Ellie’s hand closed around Cooper’s wrist.
David stopped struggling.
Cooper grinned. Then his head cocked slightly to one side, the bewildered look of a dog overcoming his features, and the grin fell away from his face. A vertical crease appeared between Cooper’s eyebrows. Cooper’s lower lip began to tremble, to quiver, and it was soon obvious that he was muttering something just barely audible, like someone reciting the Lord’s Prayer.
Then he screamed. It was a shrill, womanlike sound, raw enough to rupture his throat. His eyes grew wide, fearful, terrified, and his cheeks began to quiver. But not just his cheeks—his whole face began to quiver, his head shaking rapidly as if possessed by some force that was overtaxing his brain. And David wondered if that was exactly what was happening. . .
“Coop?” Tre said, his voice small and seemingly far away.

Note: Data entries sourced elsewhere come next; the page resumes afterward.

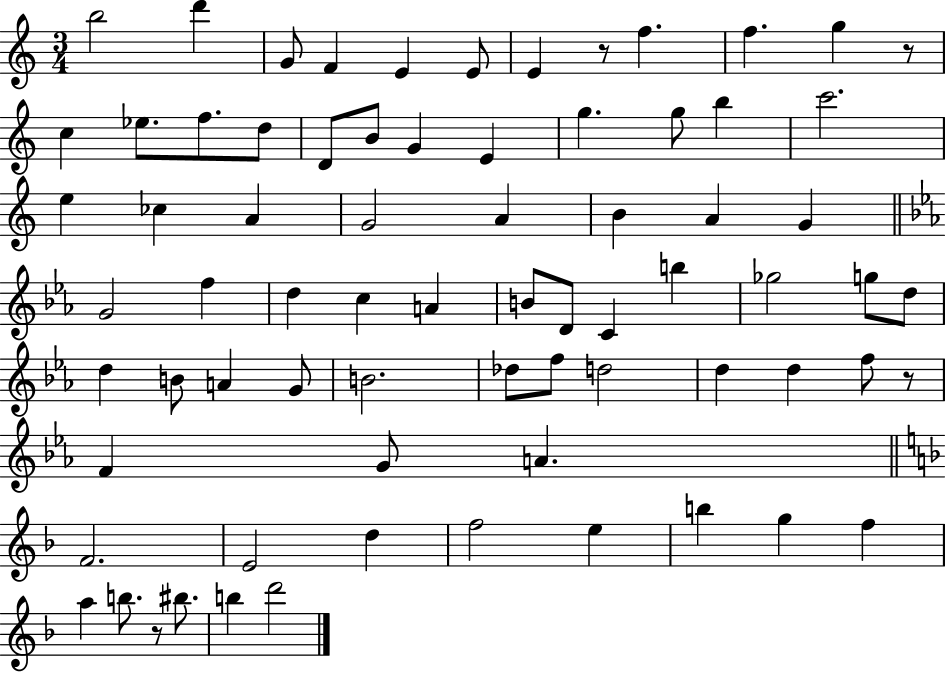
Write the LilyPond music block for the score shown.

{
  \clef treble
  \numericTimeSignature
  \time 3/4
  \key c \major
  b''2 d'''4 | g'8 f'4 e'4 e'8 | e'4 r8 f''4. | f''4. g''4 r8 | \break c''4 ees''8. f''8. d''8 | d'8 b'8 g'4 e'4 | g''4. g''8 b''4 | c'''2. | \break e''4 ces''4 a'4 | g'2 a'4 | b'4 a'4 g'4 | \bar "||" \break \key c \minor g'2 f''4 | d''4 c''4 a'4 | b'8 d'8 c'4 b''4 | ges''2 g''8 d''8 | \break d''4 b'8 a'4 g'8 | b'2. | des''8 f''8 d''2 | d''4 d''4 f''8 r8 | \break f'4 g'8 a'4. | \bar "||" \break \key f \major f'2. | e'2 d''4 | f''2 e''4 | b''4 g''4 f''4 | \break a''4 b''8. r8 bis''8. | b''4 d'''2 | \bar "|."
}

David felt Tre’s arms loosen around his chest. He seized the opportunity, throwing Tre’s arms off him and driving himself into Cooper’s chest while simultaneously clutching at the hand that held the gun. Sharp pain blossomed in his nose and radiated along the contours of his skull. There was a deafening explosion as the gun went off. David drove Cooper back against the wall; he felt the air gust out of Cooper’s lungs in one giant expulsion; a second after that, Cooper’s legs went rubbery and they both crashed to the floor.
Someone screamed.
David was quick to his feet, and had already administered a swift kick to the side of Cooper’s head before he realized he now held the gun in his hands. Cooper’s head rebounded off the wall and his eyes went foggy. His mouth worked silently, like a fish hauled out of the water gasping for air.
When David glanced up, he saw Tre’s thick, blocky silhouette rushing toward him, though seemingly in slow motion. It was as if the gun redirected itself and pulled its own trigger. The second gunshot seemed to suck all the air out of the room. Tre twisted in midleap; he spun away and crashed through the coffee table. In that millisecond, David was able to make out the look of utter shock on Tre’s tanned face; he could see the tats on his forearms and biceps in stark and terrible clarity; he could see the shimmering beads of sweat spring from Tre’s forehead and arc like cannon fire through the air in slow motion.
A moment later, the world caught up with itself. A grayish mist hung in the room, tangible as a spiderweb. David took a deep breath, and the acrid stench of gunpowder burned his sinuses. He tasted blood at the back of his throat, and when he touched his nose, he found his fingertips bloody. On the floor, Tre rolled over on the broken bits of the coffee table and moaned.
Turk reappeared in the doorway. He still held his son, but the look of shock had been wiped from his face. He now looked like a bull prepared to charge.
“Don’t move,” David said, swiveling the gun in Turk’s direction. “I’ll blow your goddamn head off.”